Oleh: Em Mas’ud Adnan*
Peristiwa rusuh di Manokwari Papua Barat, akibat insiden rasial dan perusakan bendera merah putih di Asrama Mahasiswa Papua di Surabaya dan Malang Jawa Timur, membuka mata hati kita. Ternyata saudara kita warga asli Papua yang kini mukim di Jawa Timur luar biasa banyak. Bahkan warga asli Papua di Jatim kini tersebar di 38 kota dan kabupaten, baik sebagai mahasiswa, pekerja, maupun rumah tangga.
Maka ketika demo politik rasial pecah di Manokwari, warga Papua yang tinggal di berbagai kota di Jatim langsung “show of force” ke publik.

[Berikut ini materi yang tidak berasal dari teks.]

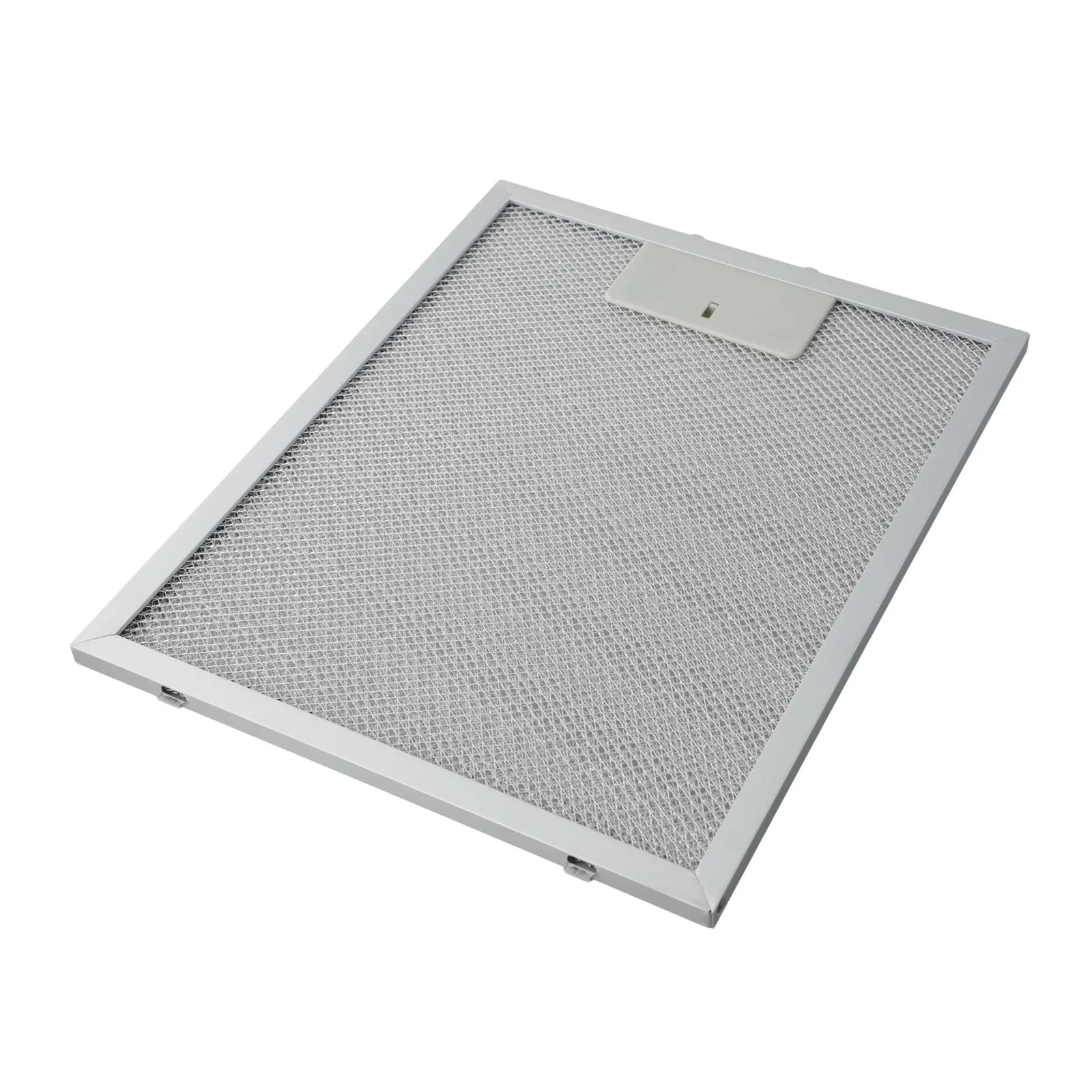2 Pieces Metal Mesh Cooker Hood Filter for Range Hood Ventilation 298 x 239 x 9mm Fit Most Top Brand Cooker Hoods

Mereka menyampaikan pesan persaudaraan: wahai saudaraku di kampung halamanku, saudaramu warga Papua bertebaran di seluruh bumi nusantara, terutama di Jawa Timur.
Di Jombang, misalnya, warga Papua ramai-ramai ziarah ke makam Gus Dur. Di Blitar, mahasiswa asal Papua ikut aksi damai di depan patung Bung Karno. Begitu juga di Madura, tepatnya di Pamekasan, warga asli Papua tampil ke publik bersama aparat kepolisian.
Di Ngawi juga begitu. Warga Papua yang tinggal di kabupaten ujung barat Jawa Timur itu secara vulgar menyampaikan salam persaudaraan. Dikemas dalam aksi damai, Marinus Sayori, salah seorang warga Papua di Ngawi menyatakan: Kami Pace dan Mace (bapak dan ibu) Papua jangan mendengar berita hoax yang tidak penting. Karena kita warga Negara Indonesia di bawah bendera merah putih, cinta Indonesia, kami cinta NKRI harga mati.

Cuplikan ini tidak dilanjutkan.